Fla. Admin. Code Ann. R. 69O-149.0025 - Definitions
(1)
(a)
Actual-to-Expected (A/E) ratio: The ratio of actual incurred claims under the
policy form divided by expected claims. This is equivalent to the actual annual
loss ratio divided by the applicable durational loss ratios of the approved
durational loss ratio table.
(b)
For projected periods, the A/E ratio is the ratio of the projected claims
divided by the expected claims.
(c)
Both the year-by-year pattern of the A/E ratios and the aggregate past, future,
and lifetime ratios shall be presented.
(2) Annually Rated Group Policies: Group
policies, including major medical coverage, which meet all of the following
criteria:
(a) The policies are funded on a
1-year basis to satisfy loss ratio requirements.
(b) The policies are expected to be repriced
annually based on trend and demographic changes.
(c) Effects of underwriting, if any, are part
of the composite assumptions so that durational claims experience is
incorporated into the composite rate.
(d) Aging is not pre-funded, as in a Medicare
supplement or long term care policy.
(3) Anticipated Loss Ratio: The present value
of future benefits divided by the present value of future premiums computed
over the entire future lifetime of the policy form. For annually rated groups,
the anticipated loss ratio expected over the rating period is also referred to
as the target loss ratio.
(4)
Attained Age Premium Schedule: An attained age premium schedule is one in which
the policyholder's premium is dependent upon his or her age at policy renewal.
(a) The aging component of the claim cost is
not pre-funded.
(b) These schedules
shall be constructed so that the slope by age is substantially similar to the
slope of the ultimate claim cost curve. The premiums shall form a smooth
progression and, to eliminate jumps in premium caused by bracketed age groups,
insurers shall use each available renewable age.
(c) These requirements do not apply to any
group policy where the final premium charged is an average of the individual
members.
(5) Closed
Policy Form: A policy form is closed for rating purposes if the insurer has not
actively offered it for sale in the previous 12 months.
(6) Credible Data:
(a) Except as provided in paragraph (b), if a
policy form has 2,000 or more policies in force, then full (100 percent)
credibility is given to the experience; if fewer than 500 policies are inforce,
then zero (0 percent) credibility is given.
(b)
1. For
policy forms with low expected claims frequency, the data from the fewest
number of entire calendar years, starting with the most recent experience year
and looking back year by year as necessary, to the calendar year in which the
accumulated claims first equal or exceed a total of 1,000 claims, shall be
assigned 100 percent credibility; 200 claims shall be assigned 0 percent
credibility. If 100 percent credibility is not achieved by using the most
recent five year period, the data from the most recent five year period only
shall be used. The determination of low expected claims frequency is determined
at issue and not at different durations of the coverage.
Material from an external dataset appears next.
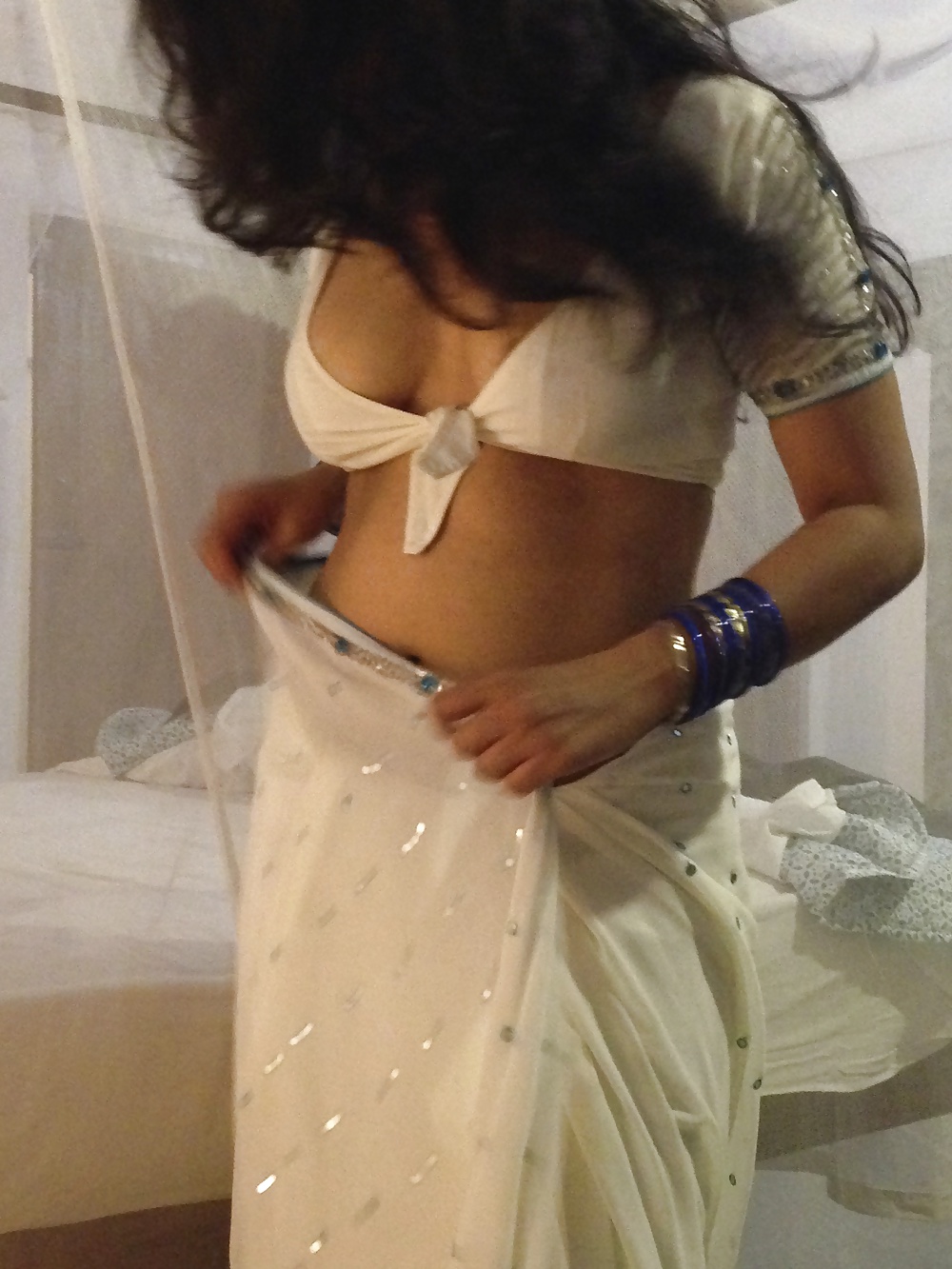 Desi Bhabhi sex teaser photos 5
(I) Policy forms that are determined not to
be low expected claims frequency forms include, but are not limited to:
Medicare Supplement, vision, dental, hospital indemnity, medical expense and
other coverage described in Section
627.6562(3),
F.S., as creditable coverage.
(II)
Policy forms that are determined to be low expected claims frequency forms
include, but are not limited to: accident, disability with benefit periods of
24 months or longer, coverage subject to the Long-Term Care Insurance Act,
Sections 627.9401 -
627.9408, F.S., cancer,
specified disease, and critical illness.
2. For purposes of this section, a claim is
counted as the first incidence or diagnosis of an event resulting in a covered
benefit or series of covered benefits. It is not each provider encounter or
service that may provide care or benefits due to such event.
3. A distinct incident resulting from a
recurring chronic condition may be considered as a new claim if the incident
triggering the claim is distinct from the incident triggering the prior claim,
and the insured had recovered from the prior claim.
(c) Linear interpolation is used for inforce
amounts between the low and high values in paragraph (a) or (b).
(d) For group policy forms, the numbers in
this definition refer to individual group certificates or subscribers, not
policies.
(e) For coverage that is
not subject to paragraph (f), below,:
1.
Florida only experience shall be used if it is 100 percent credible.
2.
a. If
Florida experience is not 100 percent credible, a combination of Florida and
nationwide experience shall be used.
b. The Florida data shall be given the weight
of the ratio of the Florida credibility to the nationwide credibility. For
example, if Florida data is 10 percent credible and nationwide is 40 percent
credible, the Florida data will be given the weight of [10%/40%] 25
percent.
c. The nationwide data
shall be given the weight of the ratio of the nationwide credibility less the
Florida credibility to the nationwide credibility. In the above example, the
nationwide data will be given the weight of [(40%-10%)/40%] 75
percent.
d. The data is combined
using the indicated weights (in the example above, the experience data would be
weighted 25%/75%). The combination of the two weights will always equal 100
percent. A rate change is determined from the blended data. If the nationwide
credibility is less than 100 percent, the indicated rate change is weighted by
the nationwide credibility (40 percent in the above example) and medical trend,
if applicable, by the compliment of the nationwide credibility (60 percent in
the above example). If nationwide credibility is 100 percent, there would be no
trend component.
3. The
analysis in subparagraph (6)(e)2., above, is equivalent to determining the
indicated rate increase from the Florida only data and the total nationwide
data separately, and then weighting the resulting rate changes from each
distinct analysis by the credibility of each distinct component. In the example
above, the Florida rate increase would be weighted by 10 percent, the
nationwide rate increase would be weighted by 30 percent (40%-10% = the
non-Florida credibility component) and trend would be weighted by the
complement of the nationwide credibility (1-40%) 60
percent.
(f) Due to the
geographic pricing of medical expense coverage, Florida-only data shall be
used. When Florida data is not fully credible, the complement of the experience
credibility factor shall be weighted with medical trend.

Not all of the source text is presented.